4. Don't be afraid to try couples counseling. God has gifted us with doctors to help us address physical issues that arise. In a similar way, he has given us professionals, counselors and therapists, who can help us with our mental health and relationships. It can be a beautiful gift for your relationship. While a couples therapist can help you during a difficult time in your marriage, you don't have to be experiencing major challenges to seek out a therapist. A therapist can give you tools and help you work on and practice better communication. My husband and I found a therapist even before we got married, and it has been a gift to our relationship. This search tool can be very helpful as can finding a Licensed Marriage and Family Therapist (LMFT). I've liked Emotionally Focused Therapy. This search tool allows you to find a therapist trained in EFT.
A couple of tips for therapy: Don't be afraid to try meeting with multiple therapists if the first one isn't a good fit.

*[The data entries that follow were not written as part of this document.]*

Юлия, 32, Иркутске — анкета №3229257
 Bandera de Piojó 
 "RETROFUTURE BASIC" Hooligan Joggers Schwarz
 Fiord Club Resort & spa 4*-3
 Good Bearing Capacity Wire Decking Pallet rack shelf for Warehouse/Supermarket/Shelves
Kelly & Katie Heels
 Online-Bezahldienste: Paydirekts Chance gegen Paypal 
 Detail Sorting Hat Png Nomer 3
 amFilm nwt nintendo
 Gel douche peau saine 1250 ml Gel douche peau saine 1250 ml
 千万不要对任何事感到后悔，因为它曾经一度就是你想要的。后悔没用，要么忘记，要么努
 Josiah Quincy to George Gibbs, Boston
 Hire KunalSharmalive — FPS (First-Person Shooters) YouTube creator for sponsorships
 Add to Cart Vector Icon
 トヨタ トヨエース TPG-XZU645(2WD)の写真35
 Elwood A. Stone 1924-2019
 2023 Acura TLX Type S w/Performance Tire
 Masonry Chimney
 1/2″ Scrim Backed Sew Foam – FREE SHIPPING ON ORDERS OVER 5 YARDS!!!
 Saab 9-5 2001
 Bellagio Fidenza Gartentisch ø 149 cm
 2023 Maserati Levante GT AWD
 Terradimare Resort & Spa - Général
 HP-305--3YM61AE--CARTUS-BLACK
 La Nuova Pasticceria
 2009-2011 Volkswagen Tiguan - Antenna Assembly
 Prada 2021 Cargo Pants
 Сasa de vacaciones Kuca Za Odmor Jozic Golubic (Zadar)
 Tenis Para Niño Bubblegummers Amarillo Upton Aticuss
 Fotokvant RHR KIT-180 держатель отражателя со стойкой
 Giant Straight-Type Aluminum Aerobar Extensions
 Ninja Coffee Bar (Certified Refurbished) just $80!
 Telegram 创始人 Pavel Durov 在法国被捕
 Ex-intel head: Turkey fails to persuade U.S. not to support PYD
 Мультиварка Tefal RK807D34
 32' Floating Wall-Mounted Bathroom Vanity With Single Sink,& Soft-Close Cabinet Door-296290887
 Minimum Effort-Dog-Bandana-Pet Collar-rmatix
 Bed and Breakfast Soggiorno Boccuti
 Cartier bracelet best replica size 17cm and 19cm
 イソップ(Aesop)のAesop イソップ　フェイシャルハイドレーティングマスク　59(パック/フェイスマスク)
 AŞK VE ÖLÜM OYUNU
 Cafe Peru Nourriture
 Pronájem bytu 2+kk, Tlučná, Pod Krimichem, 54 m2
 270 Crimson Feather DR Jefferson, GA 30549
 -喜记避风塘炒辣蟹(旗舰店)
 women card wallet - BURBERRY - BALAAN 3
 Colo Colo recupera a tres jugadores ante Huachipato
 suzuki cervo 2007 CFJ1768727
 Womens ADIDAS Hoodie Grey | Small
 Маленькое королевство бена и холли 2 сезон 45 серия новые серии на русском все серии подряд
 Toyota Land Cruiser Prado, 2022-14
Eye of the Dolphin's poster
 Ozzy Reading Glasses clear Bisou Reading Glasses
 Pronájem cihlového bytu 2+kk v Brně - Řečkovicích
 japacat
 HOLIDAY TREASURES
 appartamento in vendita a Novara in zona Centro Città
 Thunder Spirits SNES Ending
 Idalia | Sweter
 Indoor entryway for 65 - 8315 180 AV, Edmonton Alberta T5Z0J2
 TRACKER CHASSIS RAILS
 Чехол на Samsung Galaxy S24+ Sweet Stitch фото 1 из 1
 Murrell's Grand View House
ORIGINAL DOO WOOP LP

Don't stick with a therapist just because it can be challenging to find someone new. If you don't click with them, it doesn't make them a bad therapist, and you won't hurt their feelings by seeking out someone new. It's worth the process and effort to find someone who you both feel comfortable with. It can be beautiful to find a therapist who shares your faith, and sometimes that is the best choice for a couple. However, you don't have to share the same faith to have a great relationship with your therapist. We tried meeting with a Christian therapist, but it wasn't a good fit for us. Neither of us felt comfortable during our sessions, and I didn't feel heard. We switched therapists to someone who doesn't offer Christian counseling, and our sessions with her have borne so much fruit. Also, you don't necessarily need to find someone in your immediate area. A more specialized provider can be a better fit depending on your situation. My husband and I meet with our therapist via Zoom. Some therapists will bill your visits so your insurance will cover them. My individual therapist gave me this tip, and it has made couples therapy accessible for us.
Healthy communication is essential in any marriage. Keep working on it day by day, and don't be afraid to reach out for support!